**ACTIVITY**
Every line of the entries below from the one containing "Burberry's ゴールド ネクタイピン" to the one containing "Casă cu 4 camere", both ends included, must be written out exactly. No other line belongs in the answer.

**PROVIDED RECORDS**
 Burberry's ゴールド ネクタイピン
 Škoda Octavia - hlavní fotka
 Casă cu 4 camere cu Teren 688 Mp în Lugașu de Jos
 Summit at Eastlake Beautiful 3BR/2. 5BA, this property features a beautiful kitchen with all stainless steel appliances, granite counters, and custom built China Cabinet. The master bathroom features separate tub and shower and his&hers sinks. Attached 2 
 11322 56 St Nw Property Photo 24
==
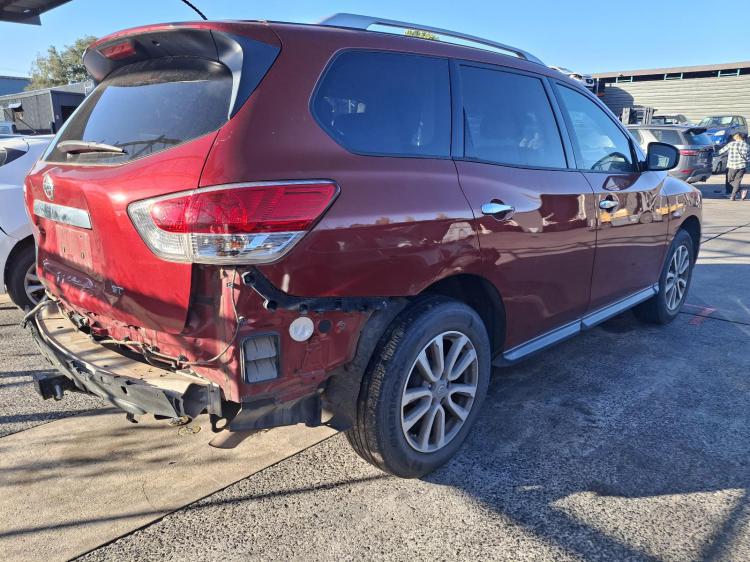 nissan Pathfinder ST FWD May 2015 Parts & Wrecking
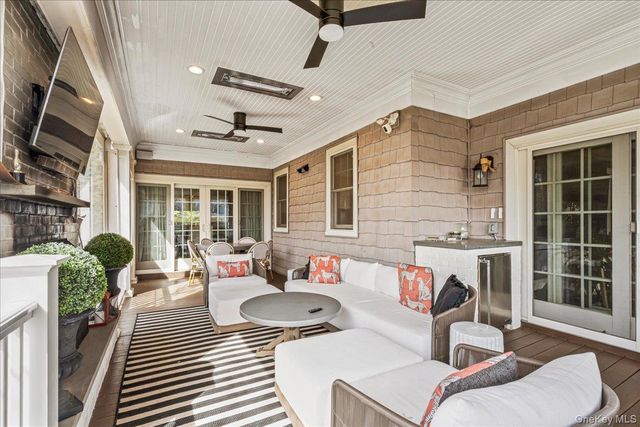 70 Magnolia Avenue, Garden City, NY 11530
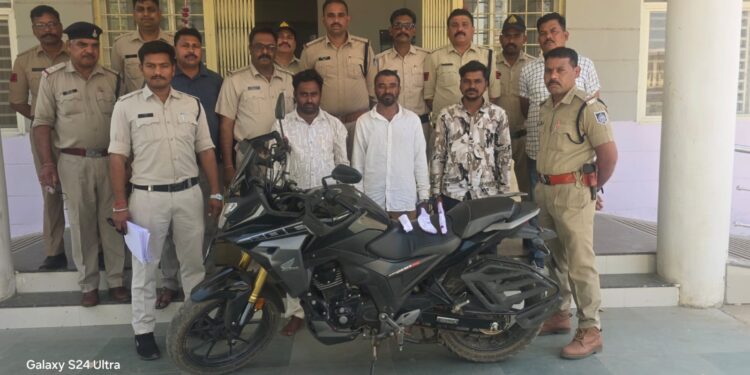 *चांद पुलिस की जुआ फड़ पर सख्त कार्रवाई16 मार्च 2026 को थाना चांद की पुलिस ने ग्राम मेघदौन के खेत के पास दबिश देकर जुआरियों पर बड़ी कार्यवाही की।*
---
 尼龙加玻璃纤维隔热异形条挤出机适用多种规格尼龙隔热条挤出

**WRITTEN ANSWER**
 Burberry's ゴールド ネクタイピン
 Škoda Octavia - hlavní fotka
 Casă cu 4 camere cu Teren 688 Mp în Lugașu de Jos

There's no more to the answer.